Records contained in a dataset -
- - - -
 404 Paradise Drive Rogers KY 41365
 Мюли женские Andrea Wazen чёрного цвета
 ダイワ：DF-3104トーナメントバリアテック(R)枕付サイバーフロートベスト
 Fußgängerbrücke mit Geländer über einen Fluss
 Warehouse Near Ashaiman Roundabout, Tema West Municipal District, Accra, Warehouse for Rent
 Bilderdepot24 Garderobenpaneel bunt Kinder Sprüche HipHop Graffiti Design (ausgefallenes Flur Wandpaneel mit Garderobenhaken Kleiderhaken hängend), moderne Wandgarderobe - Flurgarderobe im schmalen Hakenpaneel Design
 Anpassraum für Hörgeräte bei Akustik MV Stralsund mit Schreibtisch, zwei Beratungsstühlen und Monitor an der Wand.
- - - -
Prompt -
Could you retype all of the entries, leaving every character unchanged?

Exercise result -
 404 Paradise Drive Rogers KY 41365
 Мюли женские Andrea Wazen чёрного цвета
 ダイワ：DF-3104トーナメントバリアテック(R)枕付サイバーフロートベスト
 Fußgängerbrücke mit Geländer über einen Fluss
 Warehouse Near Ashaiman Roundabout, Tema West Municipal District, Accra, Warehouse for Rent
 Bilderdepot24 Garderobenpaneel bunt Kinder Sprüche HipHop Graffiti Design (ausgefallenes Flur Wandpaneel mit Garderobenhaken Kleiderhaken hängend), moderne Wandgarderobe - Flurgarderobe im schmalen Hakenpaneel Design
 Anpassraum für Hörgeräte bei Akustik MV Stralsund mit Schreibtisch, zwei Beratungsstühlen und Monitor an der Wand.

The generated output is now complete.